Êtes-vous prêts à négocier pour mettre fin à la guerre ?
Nous n’y avons jamais été opposés. Mais ces négociations doivent être conduites par une structure indépendante, impartiale et crédible, se dérouler en territoire neutre et s’attaquer aux causes profondes du conflit. Il faudrait qu’un mécanisme garantisse la mise en œuvre des résultats. L’ONU a la possibilité et le devoir de mettre fin à ce conflit. Nous regrettons d’ailleurs que, lors de sa récente visite au Cameroun, son secrétaire général, Antonio Guterres, n’ait pas jugé utile de se rendre en Ambazonie.
Le plus simple n’est-il pas un débat inclusif sur la forme de l’État et sur la Constitution ?
Encore une fois, les résolutions de l’ONU, qui ont accordé son indépendance au Southern Cameroons, n’ayant à aucun moment supprimé ses frontières internationales, les modifications de la Constitution de la République du Cameroun ne nous concernent pas.
Et si aucune négociation ne s’ouvrait ?
Que peut-il arriver de pire que ce qui se passe actuellement en Ambazonie ? Notre credo est simple : l’indépendance totale ou la résistance à jamais.
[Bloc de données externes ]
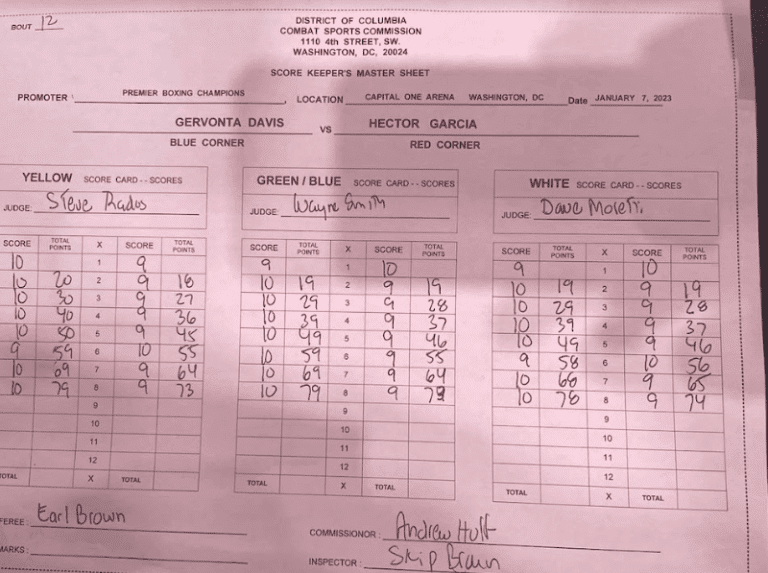 Gervonta Davis vs. Garcia Fight Results Tank Beats Garcia TKO Round 9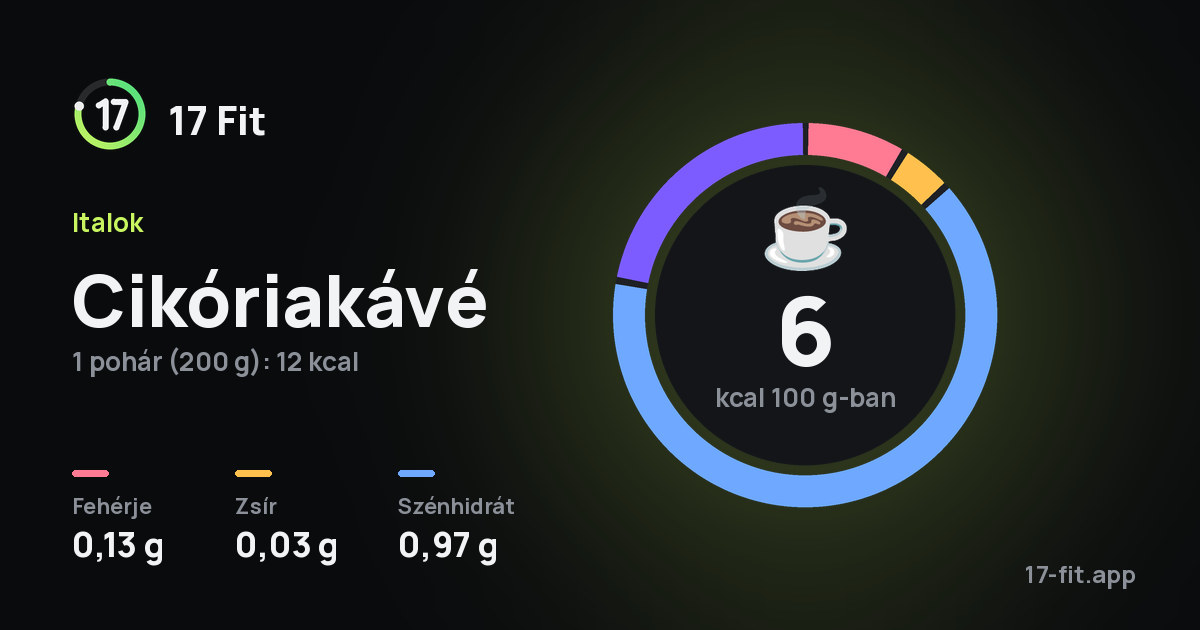 Cikóriakávé: 6 kcal 100 g-ban, fehérje 0,13 g, zsír 0,03 g, szénhidrát 0,97 g.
Des personnalités anglophones respectées, telles que le cardinal Christian Tumi, militent pourtant pour l’unicité du Cameroun…
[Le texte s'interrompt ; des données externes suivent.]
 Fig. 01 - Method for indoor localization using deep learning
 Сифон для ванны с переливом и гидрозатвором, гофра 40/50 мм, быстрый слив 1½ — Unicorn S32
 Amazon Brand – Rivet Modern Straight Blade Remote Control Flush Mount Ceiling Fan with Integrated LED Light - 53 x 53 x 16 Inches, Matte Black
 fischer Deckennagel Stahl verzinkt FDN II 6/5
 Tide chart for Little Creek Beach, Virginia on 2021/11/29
Partout sur le continent, des responsables religieux ont défendu le changement. L’évêque sud-africain Desmond Tutu en est un exemple vivant. Le cardinal Tumi est libre de ses opinions. À lui de voir s’il veut inscrire son nom dans l’Histoire.
À sa sortie de prison, Albert Dzongang, un conseiller de Maurice Kamto, a évoqué une certaine convergence de vues entre le MRC et vous. Y en a-t-il une ?
Albert Dzongang a été l’une des victimes du gouvernement camerounais. Comme nous, il a été enfermé à la prison de Kondengui. Nous avons interagi en tant que codétenus, mais nous ne partageons aucune fraternité politique, car nous ne nous mêlons pas de la politique camerounaise.